Davalı vekili, müvekkilinin ticari faaliyetini 2000 yılından beri "stage” markası ile yürüttüğünü, adına tescilli 2000/06306, 2007/24150, 2007/24149 no’lu markaları olduğunu, müvekkilinin gerek kuruluş gerekse marka tescil tarihinin davacı şirketin kuruluş tarihinden önce olduğunu, davacının gerçek hak sahipliği yaratacak önceki tarihli kullanımın olmadığını, marka kullanımının ilk kez 2011 yılında öğrenildiğini ve davacıya ihtarname çekildiğini, davacının kullandığı işaretin tanınmış olmadığını, hükümsüzlük talebinin 5 yıllık hak düşürücü süreye tabi olduğunu savunarak, davanın reddini istemiştir.
Mahkemece iddia, savunma, toplanılan deliller, bilirkişi raporu ve tüm dosya kapsamına göre, davacı tarafından kullanılan ibare ile davalı adına tescilli markaların benzer olduğunu, her ne kadar 37. sınıfa dâhil hizmetler davalı markasının tescilli olduğu hizmetlerden farklı olsa da, tüketicilerin dava konusu ibareler arasında ilişki veya bağlantı kuracağı zira, davacının "stage" ibaresini kullandığı hizmetlerin özel bir tüketici kesimine hitap etmediği, davacının anılan ibareyi kullandığı film seslendirme hizmeti (41. Sınıf) ile davacının markalarının tescilli olduğu hizmetler aynı olup, iltibasa sebep olacağı, davalı markalarının tescil edildiği sektör açısından zayıf bir işaret
olsa da, davacının davalı markaları ile iltibas teşkil eden kullanımının davalı marka hakkına tecavüz teşkil ettiği, davacı tarafından kullanılan ibarenin tanınmış bir ibare olmadığı, davacının, davalı markalarından önce anılan ibareyi kullandığına ve tüketiciler nezdinde ayırt edicilik kazandırdığına ve bu itibarla, davacının 556 sayılı KHK’nın 8/3 m. uyarınca öncelikli hak sahibi olduğuna dair delil bulunmadığı, davacı kullanımından 2011 yılında haberdar olduğu anlaşılan davalının sessiz kalma yoluyla hak kaybına uğradığından söz edilemeyeceği ayrıca, davalının internet sitesinde - tescilli markalarını kullandığı ve kötüniyetli olmadığı gerekçesiyle, davanın reddine karar verilmiştir.

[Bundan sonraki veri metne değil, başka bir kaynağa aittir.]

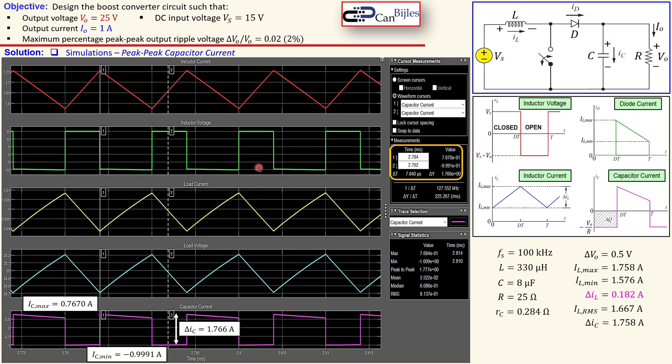This was our example considering the design of a boost converter. We worked out the component values for our specifications and verified these in Simulink simulations. If you have any questions or comments, please let me know and I will try to answer them as soon as possible. Don't forget to like and share our videos so we can reach more people for these interesting topics. Thanks for your cooperation and see you next time.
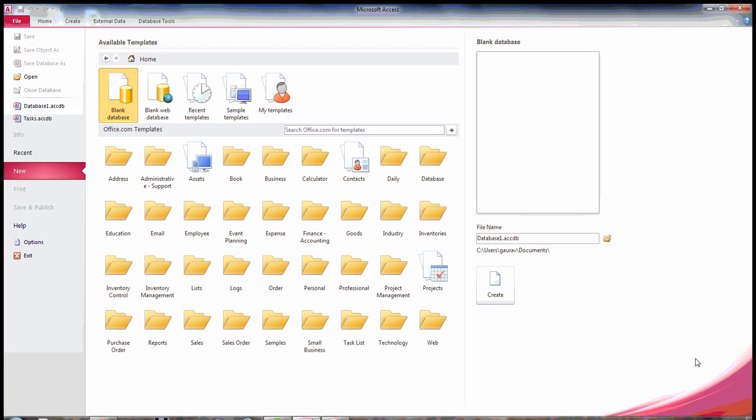Hi there, so in this tutorial I'm going to show you how you can create your MS Access database.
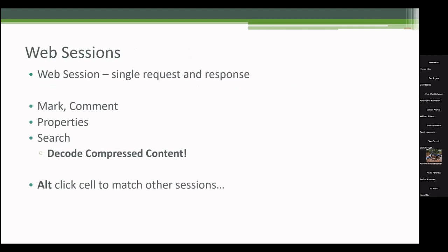I don't love this term, but this is the term that Eric had chosen. He calls a single request and response within Fiddler as a web session.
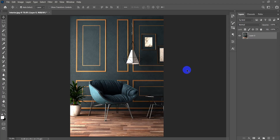Hello everyone, welcome back to another tutorial in Photoshop. Today we will be talking about interior color correction and post production. Similarly to the previous lesson, we'll start with color correction. As you can see, I have an interior shot that I have rendered and imported into Photoshop.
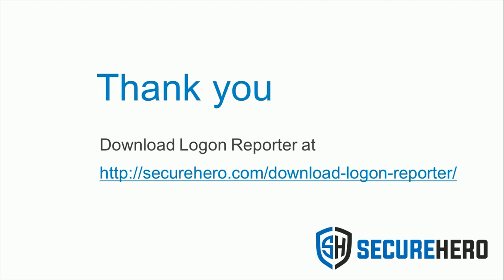Thank you for watching this demo of SecureHero Logon Reporter. Try it for yourself by downloading the product at the link below.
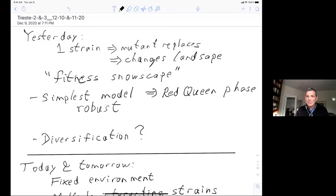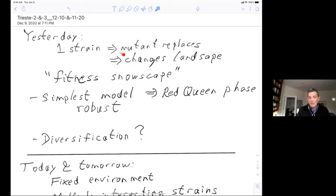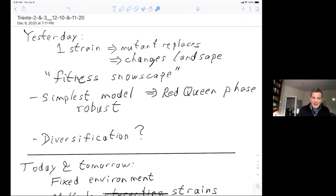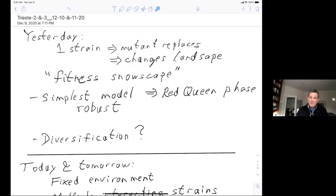Yesterday we talked about models with only one strain where, when a mutant came up and was doing better in that environment, it would replace the existing one. This would change the landscape by a small amount and change future evolution. This model one could perhaps call the 'fitness snowscape' — a landscape where evolution itself changes the environment, like walking up a mountain and changing what you're walking on. The simplest model with cubic interactions exhibited the red queen phase where evolution continued without slowing down.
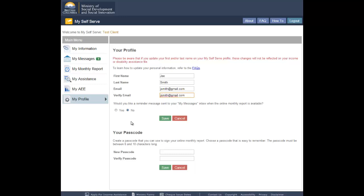It is important to keep a current email address on file with your MySelfServe profile. Important notifications are sent to this email, so be sure to provide an email address that you check regularly and add MySelfServe to your safe list in your email program. To ensure these notifications don't end up in your junk mail folder, see the FAQs for help on adding MySelfServe to your safe list.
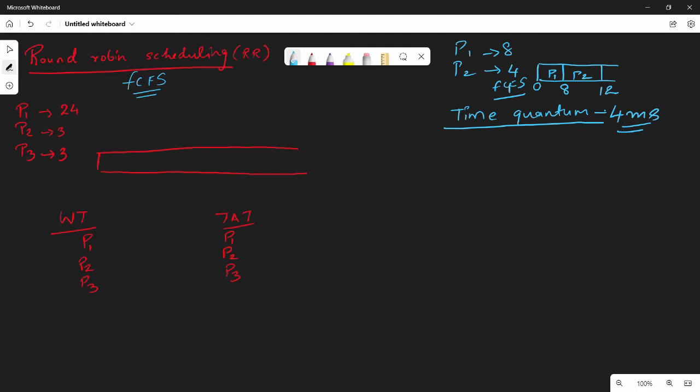We can solve this example using time quantum. P1 has a burst time of 24 ms, P2 has 3 ms, P3 has 3 ms. The time quantum is 4 ms.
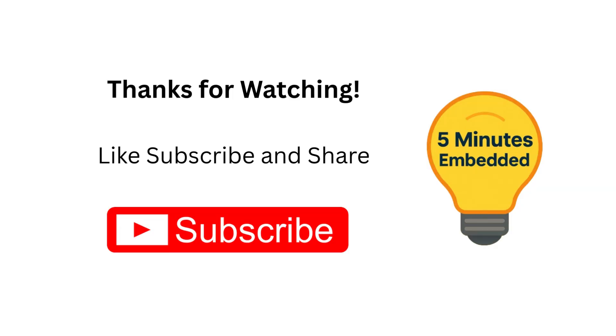Hope you liked this video. If you found it informative, please like, share, and subscribe to our channel. It will help us stay motivated to make more such videos. Have a nice day, and thank you for watching!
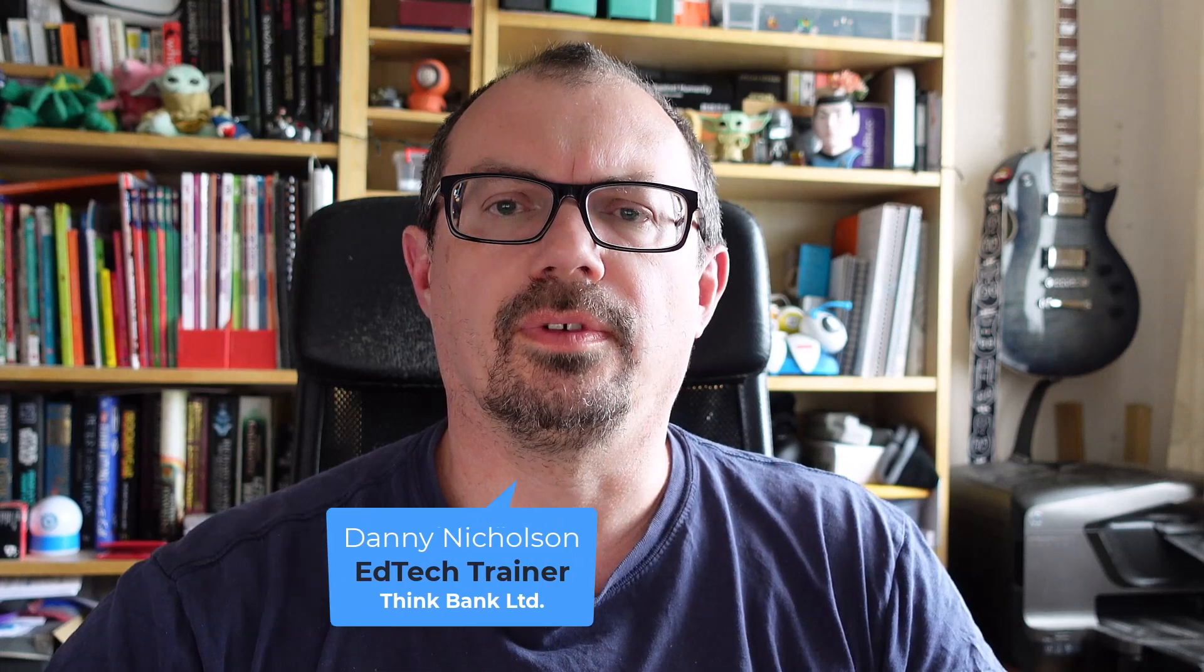Hi, it's Daniel from The Whiteboard Blog, and in this video I wanted to very quickly run through how to switch between the two versions of ActivInspire.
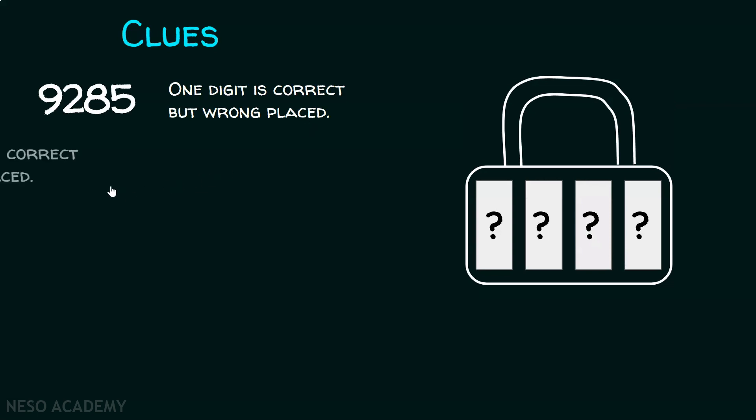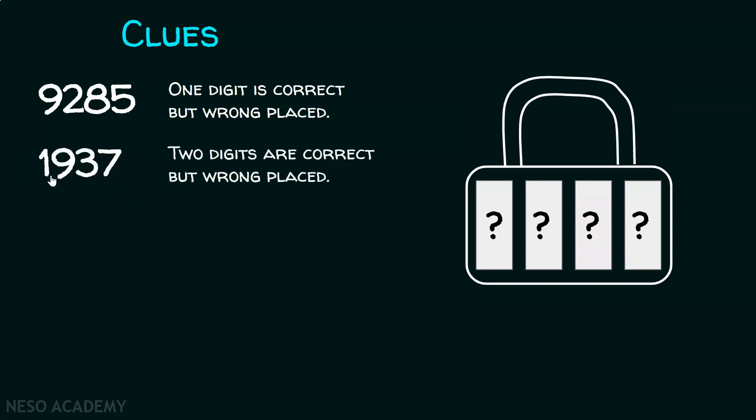Clue number two: 1937. Two digits are correct but wrong placed.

Kararı, davacı vekili temyiz etmiştir.
Dava dosyası içerisindeki bilgi ve belgelere, mahkeme kararının gerekçesinde dayanılan delillerin tartışılıp, değerlendirilmesinde usul ve yasaya aykırı bir yön bulunmamasına ve 556 sayılı KHK"nın 14. maddesinin 06/01/2017 tarihli Resmi Gazetede yayımlanarak yürürlüğe giren Anayasa Mahkemesi’nin 14/12/2016 tarih, 2016/148 E- 2016/189 K. sayılı kararı ile iptal edilmiş olmasına, mahkemece yetersiz bulunan ilk bilirkişi raporundaki görüşe dayalı karar gerekçesi oluşturulması isabetli değil ise de, esasen uyuşmazlığın hakimin hukuki bilgisi ile çözümünün mümkün bulunması ve dosyadaki mevcut delillerin takdiri suretiyle uyuşmazlık konusu ibare üzerindeki öncelik ve üstün hakkın davalı tarafta bulunduğunun değerlendirilmiş olmasına göre, davacı vekilinin tüm temyiz itirazlarının reddine karar vermek gerekmiştir.
SONUÇ: Yukarıda açıklanan nedenlerle, davacı vekilinin yerinde görülmeyen tüm temyiz itirazlarının reddi ile usul ve yasaya uygun bulunan hükmün ONANMASINA, aşağıda yazılı bakiye 3,70 TL temyiz ilam harcının temyiz edenden alınmasına, 28.02.2017 tarihinde oybirliğiyle karar verildi.